ーープルーストが『失われた時』を実際に書き始めるのは(つまり習作、試作を念頭に置かなければ)、母の死後四年後たってからだった(もっとも最近の草稿研究では異なった見解もあるのかもしれない)。
……
サド=ルネ・シャールに戻ろう。
《まともな実生活から遠く離れた、歌う無為の太陽たちの回帰線に傾くことを祝う》、そして《人間の非社会化を祝》うサド。
人間の非社会化? なんのことだろう。
カントの『啓蒙とは何か』の一節を思い出してみよう。
自分の理性を公的に使用することは、いつでも自由でなければならない、これに反して自分の理性を私的に使用することは、時として著しく制限されてよい、そうしたからとて啓蒙の進歩はかくべつ妨げられるものではない、と。ここで私が理性の公的使用というのは、ある人が学者として、一般の読者全体の前で彼自身の理性を使用することを指している。また私が理性の私的使用というのはこうである、---公民としてある地位もしくは公職に任ぜられている人は、その立場においてのみ彼自身の理性を使用することが許される、このような使用の仕方が、すなわち理性の私的使用なのである。(中略)しかしかかる機構の受動的部分を成す者でも、自分を同時に全公共体の一員――それどころか世界公民的社会の一員と見なす場合に は、従ってまた本来の意味における公衆一般に向かって、著書や論文を通じて自説を主張する学者の資格においては、論議することはいっこうに差支えないのであ。(カントの『啓蒙とは何か』)

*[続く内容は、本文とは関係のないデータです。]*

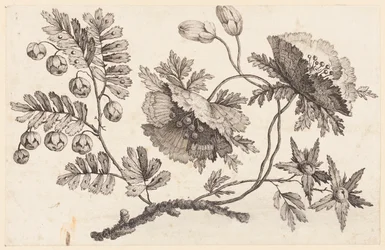 Ramo de Flores, da "Coleção de Flores Chinesas"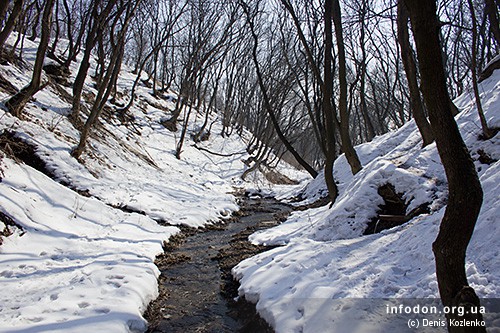 Воздействие родниковой воды на здоровье человека (практико-ориентированный проект)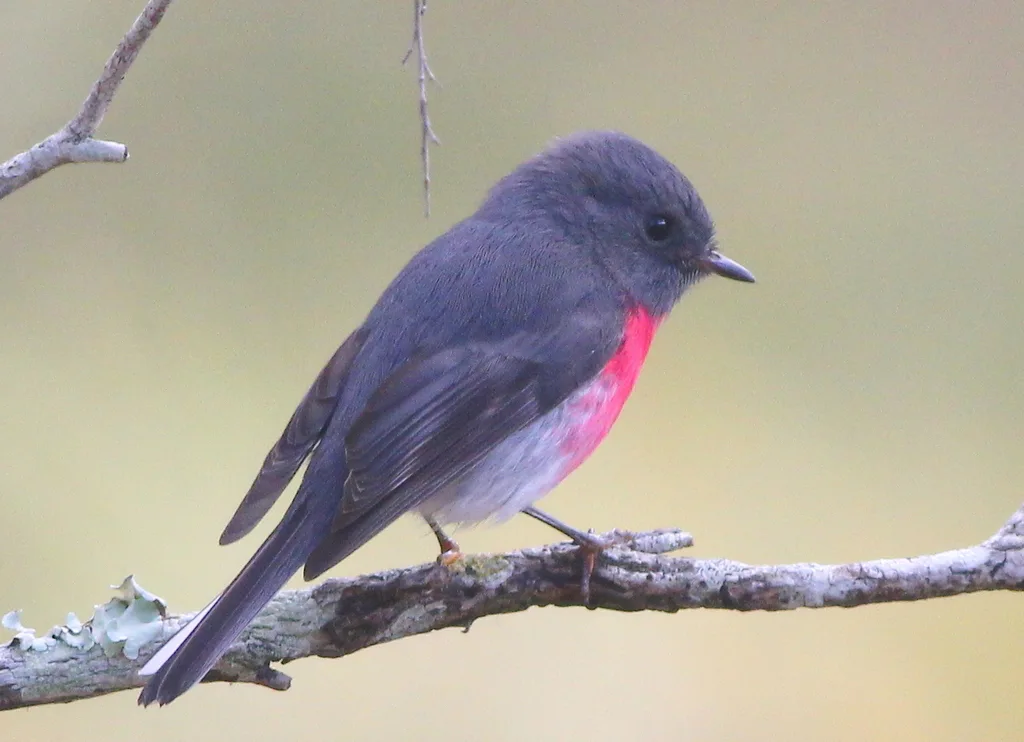 瑰色鸲鹟(Petroica rosea)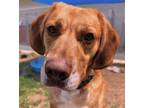 Adopt Bruno a Mixed Breed (Medium) / Mixed dog in Angola, IN (37680912)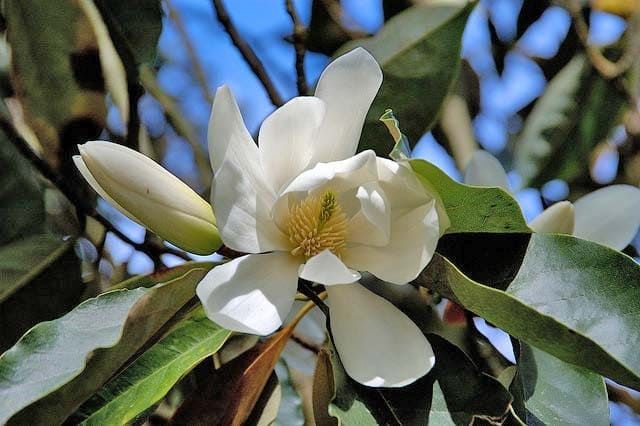 Magnolia DOLTSOPA Магнолия сладкая Michelia DOLTSOPA 3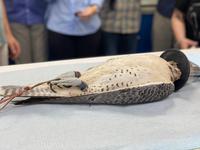 Falkenklinik in Abu Dhabi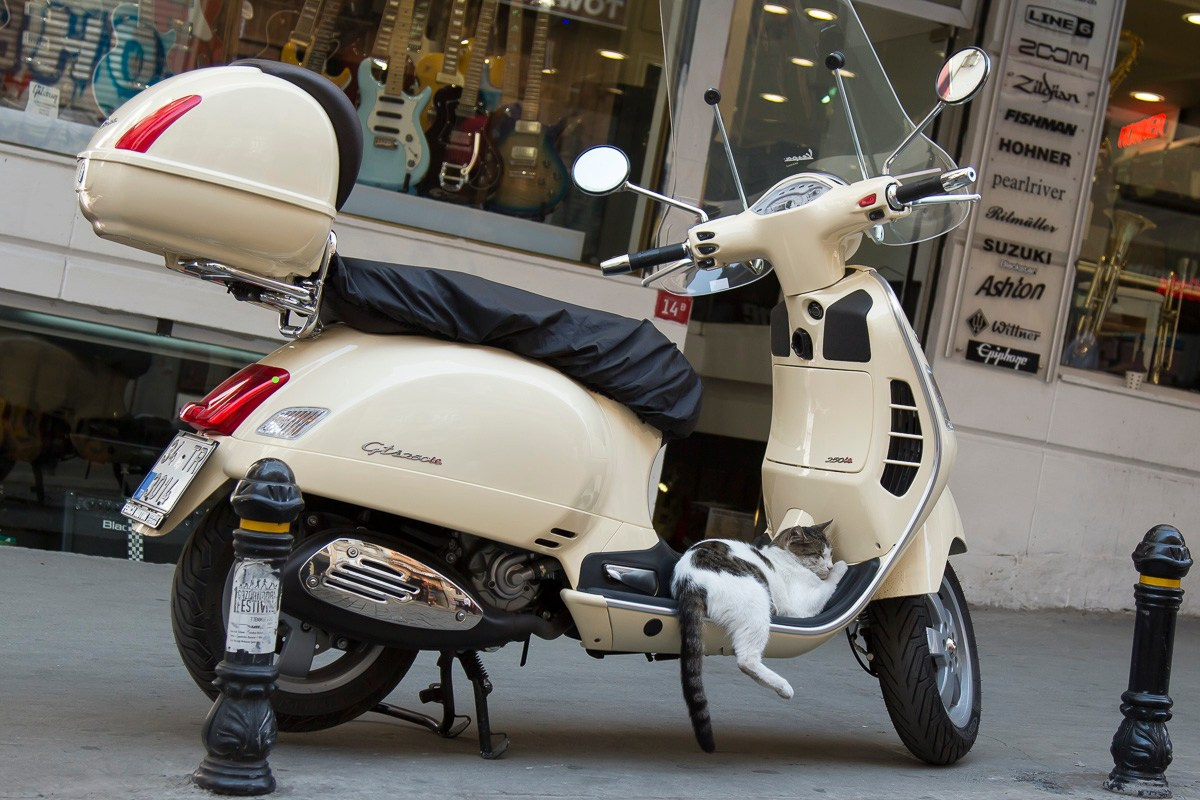 Стамбул, Турция, 2014. Фотограф Василий Буланов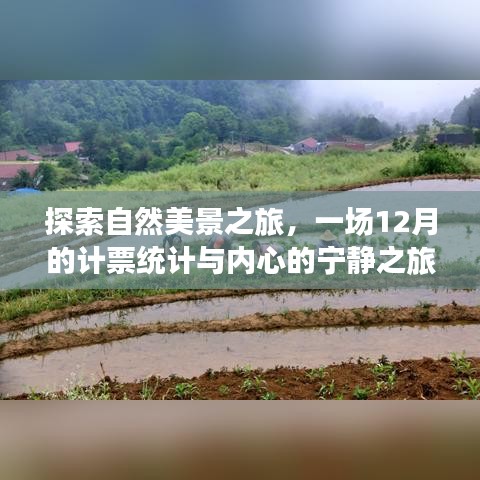 自然美景探索之旅，计票统计与心灵宁静的十二月之旅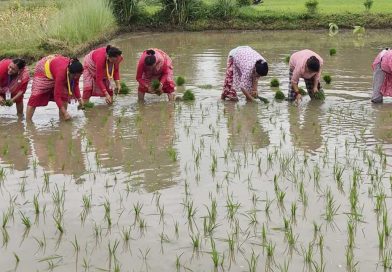 झापामा ६२ प्रतिशत धान रोपाइँ सम्पन्न, मल अभावले किसान चिन्तित झापामा ६२ प्रतिशत धान रोपाइँ सम्पन्न, मल अभावले किसान चिन्तित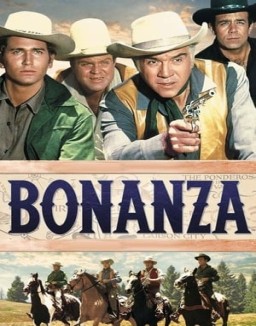 Bonanza ver series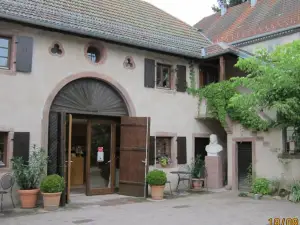 Tilly's B&B and Apartment House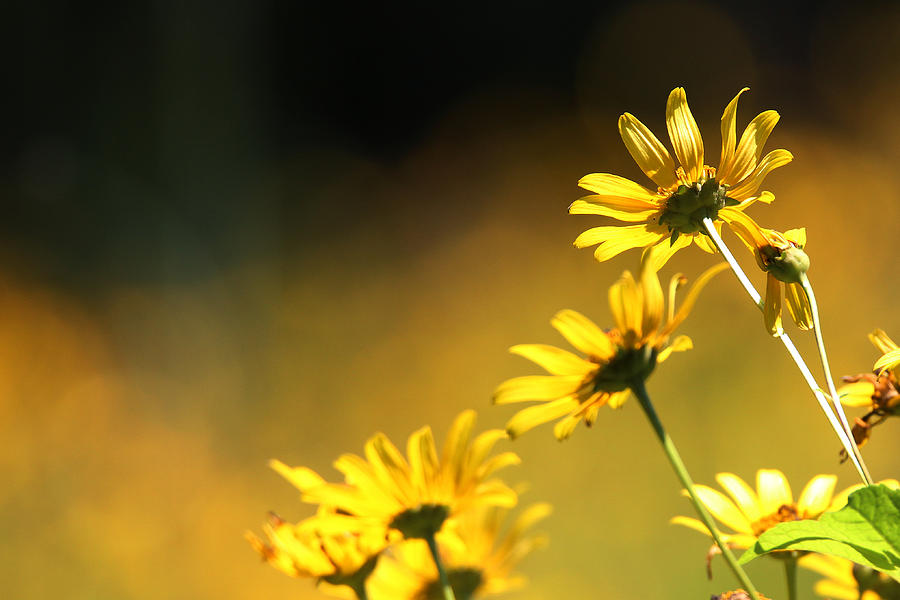Wild Sunflowers Stony Brook New York Photograph by Bob Savage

柄谷行人が指摘するようにカントは「パブリック」の意味を変えている、そしてそれが「カント的転回」だ、と。《通常、パブリックは、私的なものに対し、共同体あるいは国家のレベルについていわれるのに、カントは後者を逆に私的と見なしている。》
サド=ルネ・シャールの「人間の非社会化」とは、カントのいう「パブリック」になることではないか。《まともな実生活から遠く離れた、歌う無為の太陽たちの回帰線に傾くことを祝う》とは、カントのいう「自由」になることではないか。

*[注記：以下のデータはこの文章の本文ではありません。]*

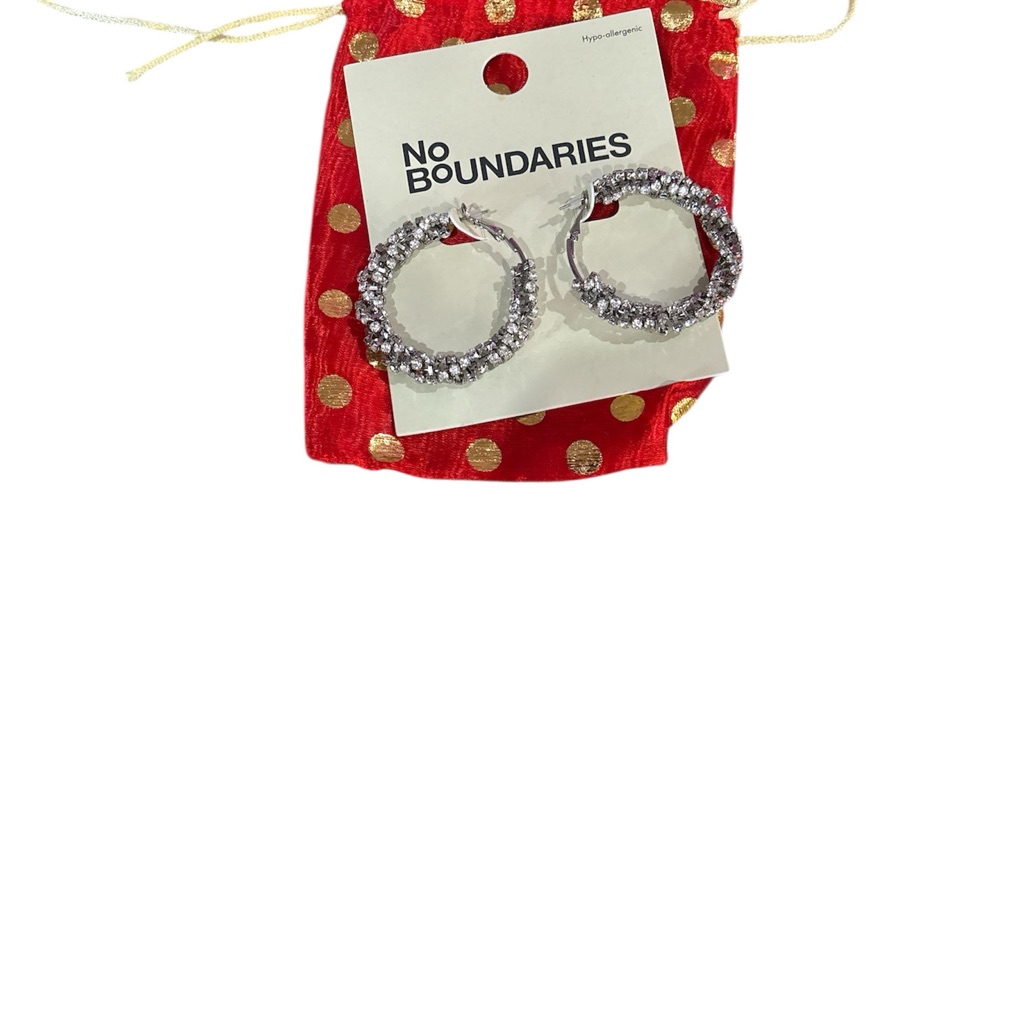 No Boundaries Shimmering Silver Earrings 20$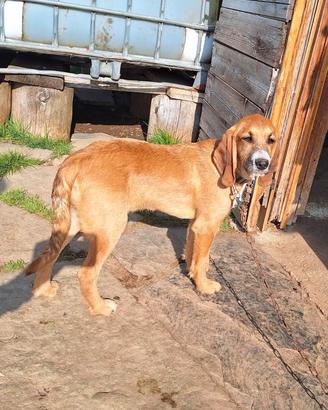 Cucciolo segugio 5 mesi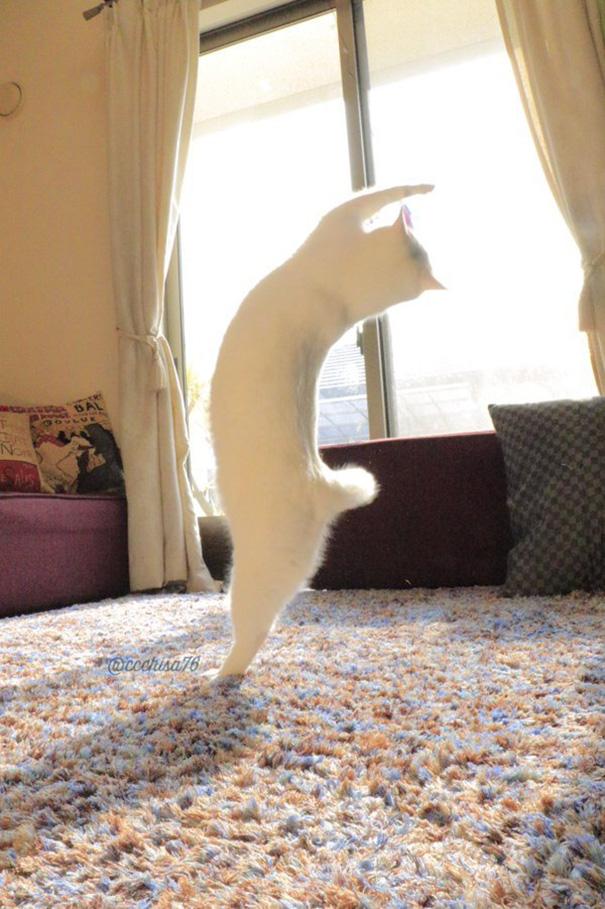 Táncos macska | Fotó via boredpanda.com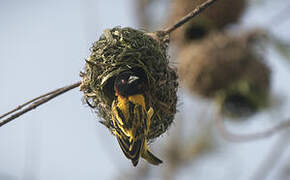 Village Weaver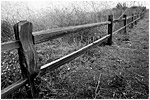 Fenced In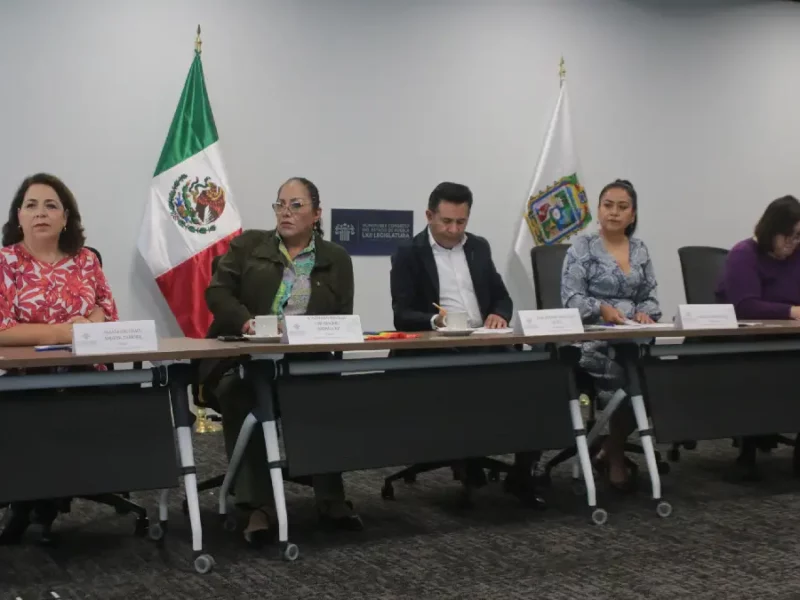 Organizaciones civiles podría ingresar a programas sociales y recibir apoyos, promueven en Congreso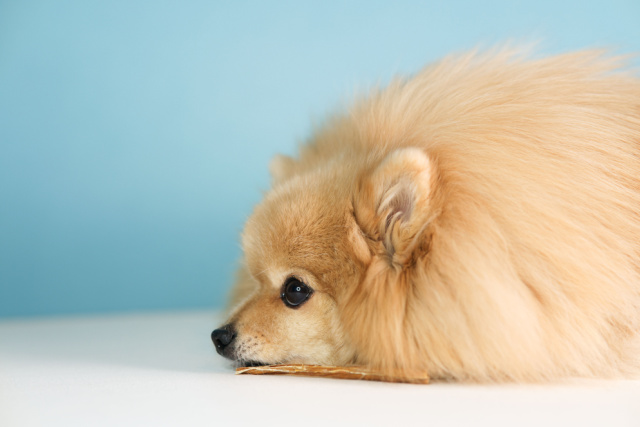 狂犬病の症状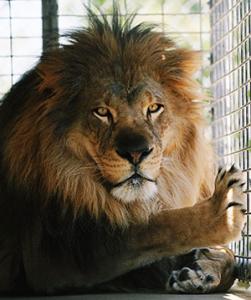 moorpark-teaching-zoo-lion.jpg moorpark-teaching-zoo-lion.jpg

そして、ネット上でしばしば語られる、「この場は公の場なのだから、発言に気をつけるべきだ」云々の意見は、「公的な場なのだから、理性を私的に利用することは制限しなさい、ただし公的利用は、いつでも自由であるべきだ」、とカントとともに読みかえてみれば、事態に対して別の接し方ができるかもしれない。
(学者、あるいは教師、評論家などが上記のような発言を、教え諭すように語る場合、まったく逆のことが言われているように思われることが多い。もっともあれらは、低レベルのルサンチマンから来る反撥のパロールーー公民としての地位からくるーーに対する苛立ちを暴露したりあるいはときには隠蔽したりしての反撃の語りでしかないのかもしれない。評論家な どに対してなされる怨恨の発話の殆どは、理性の私的利用でしかないには違いないのだから。)
※柄谷行人が《原発事故の責任を問う"東京裁判"は、市民自らが担うものでなければならない。それが「世界市民法廷」である》と語るときの「世界市民」はカントの意味合いの「パブリック」を念頭にして読むべきだろう(サルトルの『大戦の終末』と蓮實重彦、あるいは震災後の言説をめぐって)。